The Miss Guatemala 2010 pageant was held on April 25, 2010, at Auditorio Nacional in the capital city Guatemala City, Guatemala. This year only 14 candidates were competing for the national crown. The chosen winner represented Guatemala at the Miss Universe 2010 and at Miss Continente Americano 2010. The winner of best national costume, the costume was use in Miss Universe 2010. Miss World Guatemala represented Guatemala at the Miss World 2010. Miss Guatemala Internacional represented Guatemala at the Miss International 2010. The Semifinalist entered Miss Intercontinental 2010, Top Model of the World 2010 and Reina Hispanoamericana 2010.

The winner of Miss Guatemala 2010, Alejandra Barillas, could not enter Miss Universe 2010 because she injured her left foot in an accident.

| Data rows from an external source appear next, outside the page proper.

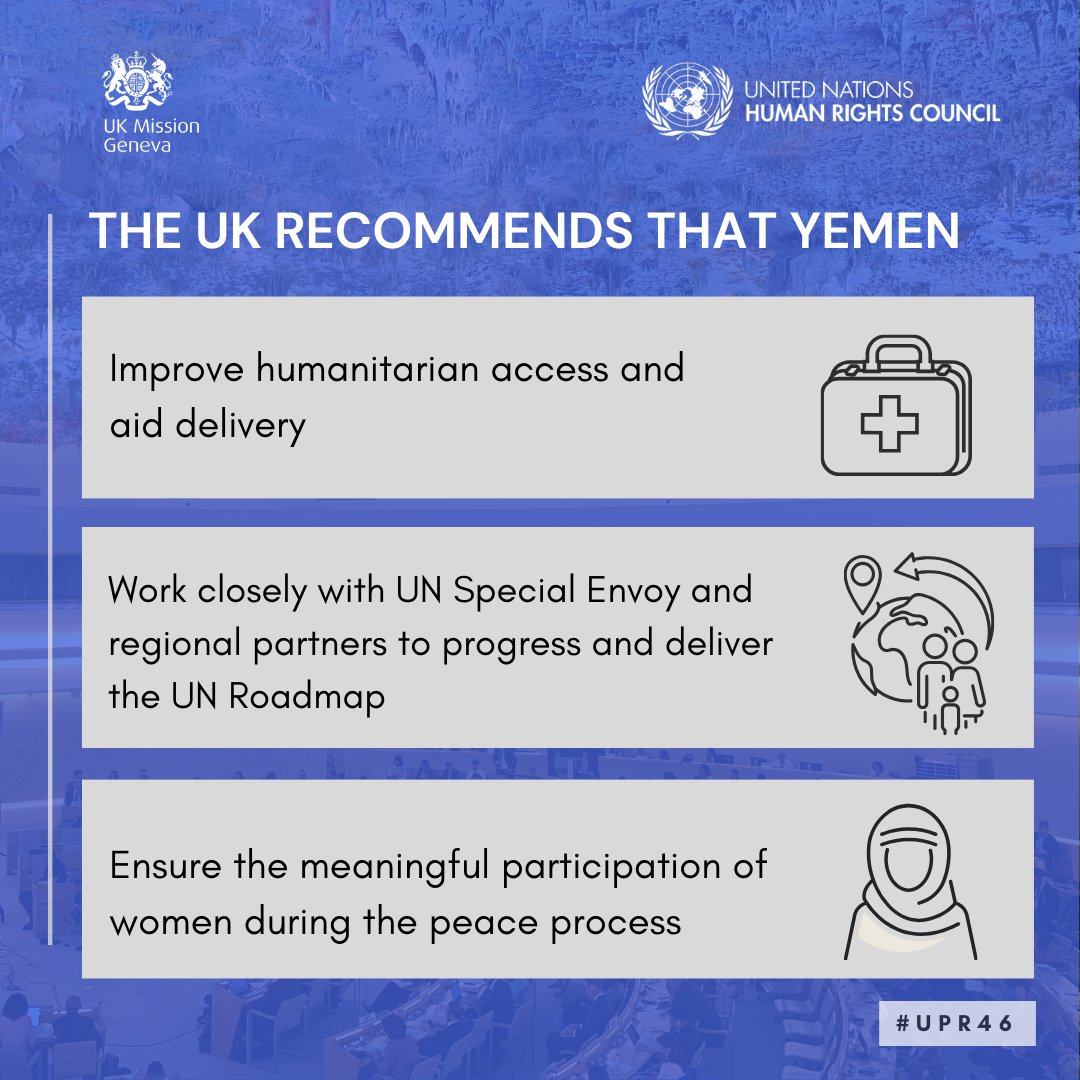 The UK is encouraged by the momentum to a sustainable and long-term peace in #Yemen through the UN-led Roadmap 🇺🇳 But it is vital that reports of torture, sexual violence, arbitrary detention and trafficking are addressed. #UPR46 🇬🇧 Statement gov.uk/government/new…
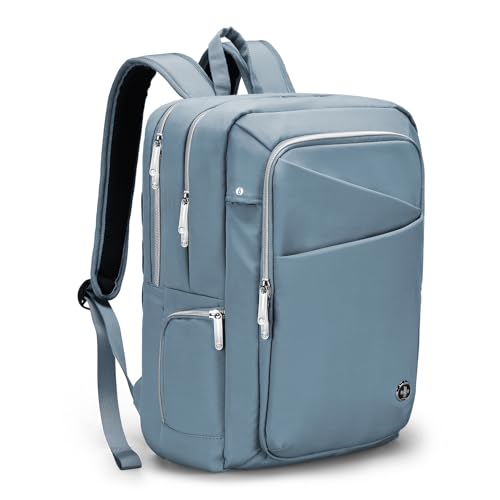 Swissdigital Design Women's Backpack for Work/Travel/Leisure with USB Charging Port, Water Bottle Holder, Separate Sunglass Pocket - Fits 15.6 inch Laptop,Blue | KATY ROSE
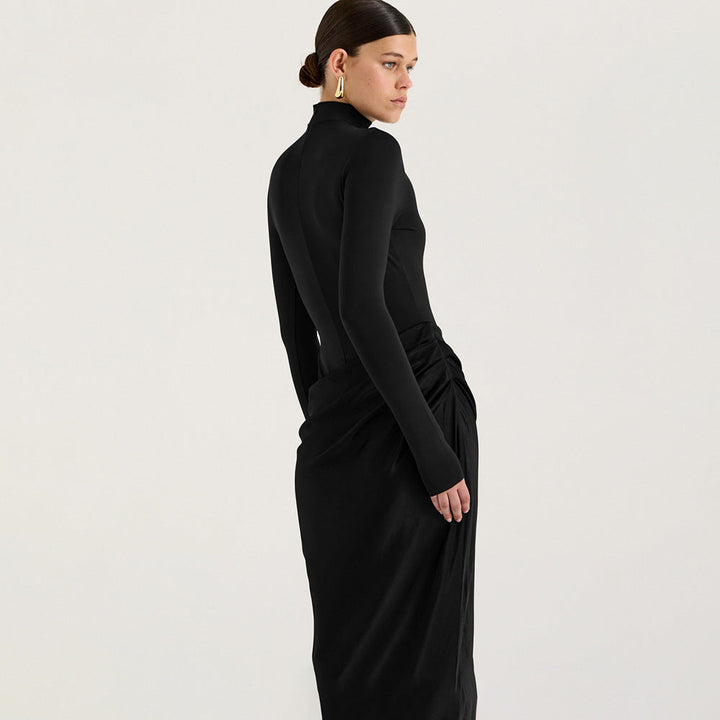 Summer Half High Collar Long Sleeves Dress Sexy Slim Fit Faux Two Piece Solid Color Dress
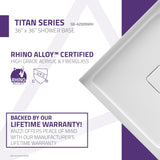 ANZZI Titan 36" x 36" Corner Shower Pan, Durable Marine Grade Acrylic, cUPC Certified, Center Drain, Slip-Resistant Flooring, White Finish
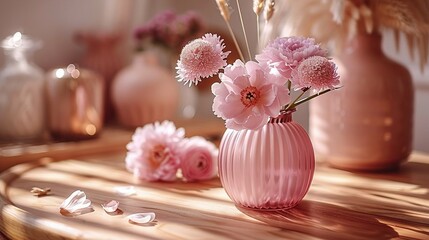   A pink vase brimming with pink blossoms perched on a table near two additional pink flower-filled vases
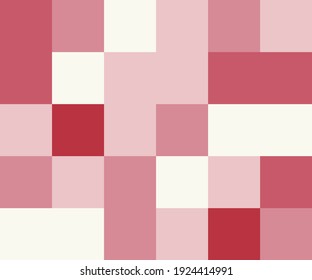 Geometric background with squares of different shades of pink. Vector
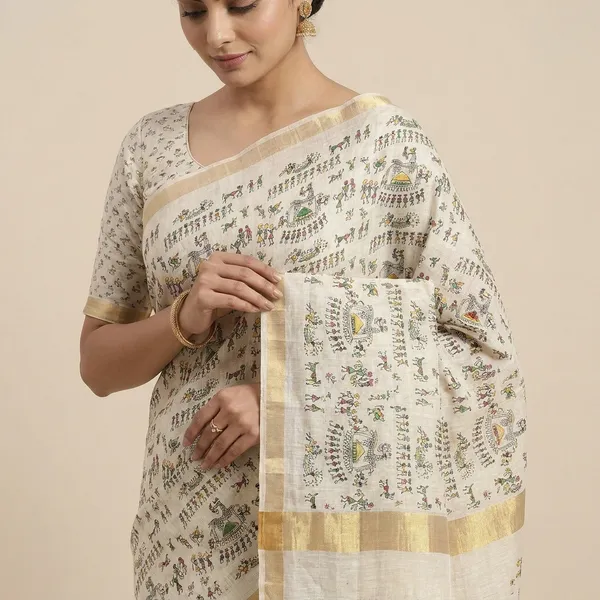Off_White_Cotton_Warli_Print_Saree_For_Women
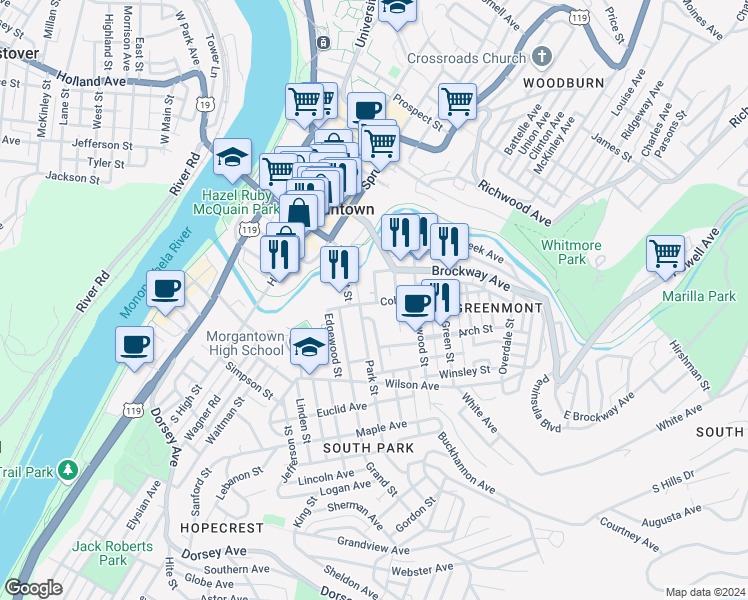 map of restaurants, bars, coffee shops, grocery stores, and more near 100-102 Maryland Street in Morgantown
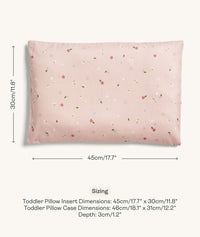 Sizing dimensions for ergoPouch Organic Toddler Pillow Case Daisies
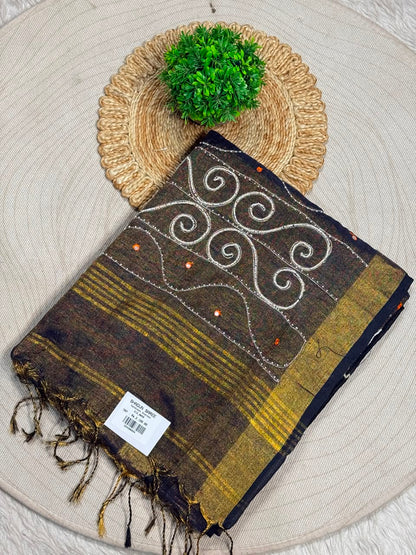 SHAGUN FASHION Handloom Sharbat Silk Saree with Mirror & Aari Work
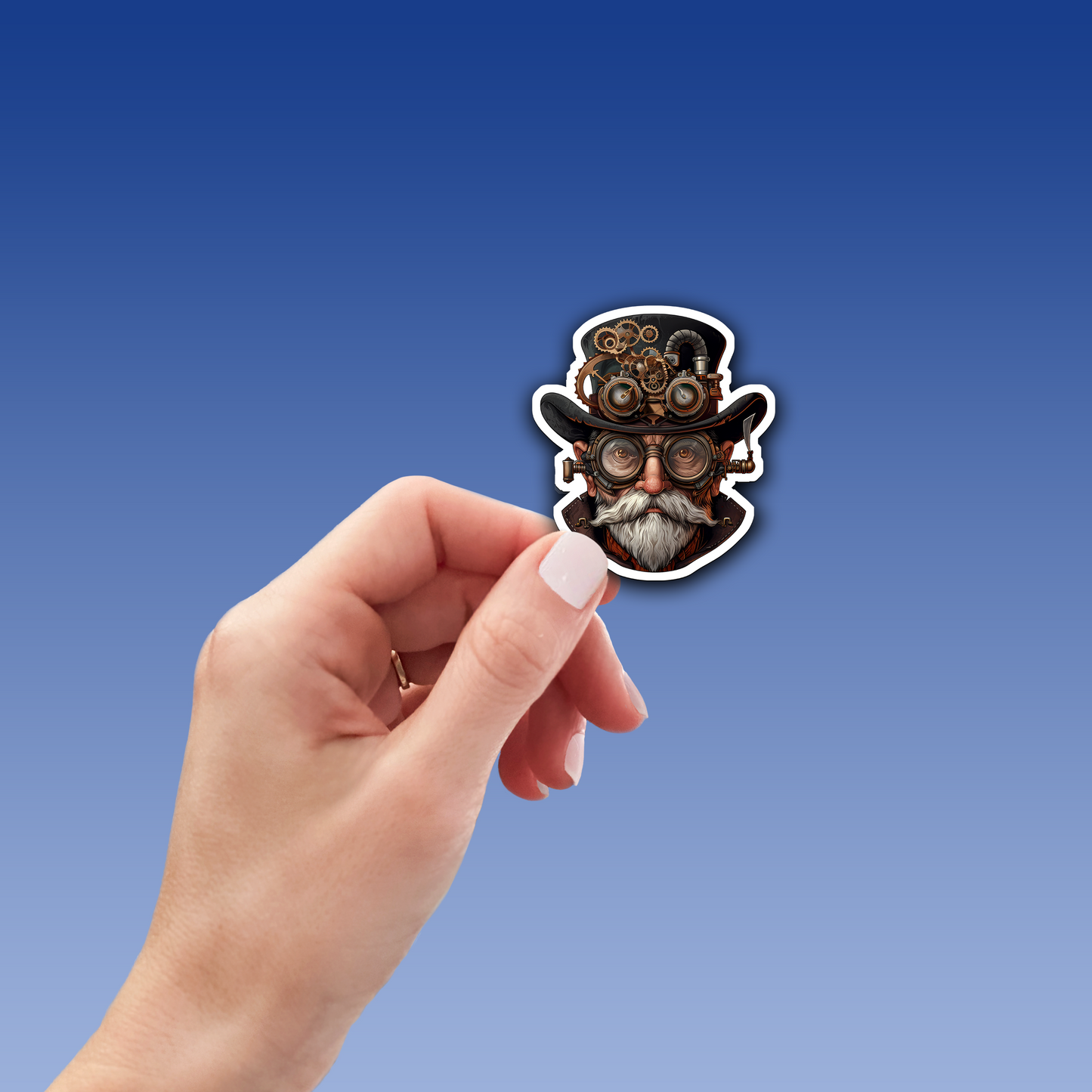 Victorian Steampunk Gentleman Vinyl Sticker - Retro Chic for Your Gear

Miss Guatemala Internacional, Jessica Scheel took her spot and placed Guatemala in the Top 10 after 26 years without placing in the semifinals. One of the semifinalist took Barillas' spot in Miss International 2010. Miss Guatemala 2010 would enter Miss Universe 2011 without re-entering the pageant.

==Final results==

| Final results | Contestant |
|---|---|
| Miss Guatemala 2010 | Zacapa - Alejandra Barillas |
| Miss World Guatemala | Sacatepéquez - Ana Mazariegos |
| Miss Guatemala Internacional | Retalhuleu - Jessica Scheel |
| Semifinalists | Santa Rosa - Karen Remón Chimaltenango - Claudia García Ciudad Capital - Blanca González |

===Special awards===
- Miss Photogenic – Claudia García (Chimaltenango)
- Miss Congeniality (voted by the candidates) – Michelle Taylor (Petén)
- Best National Costume – Ana Mazariegos (Sacatepéquez)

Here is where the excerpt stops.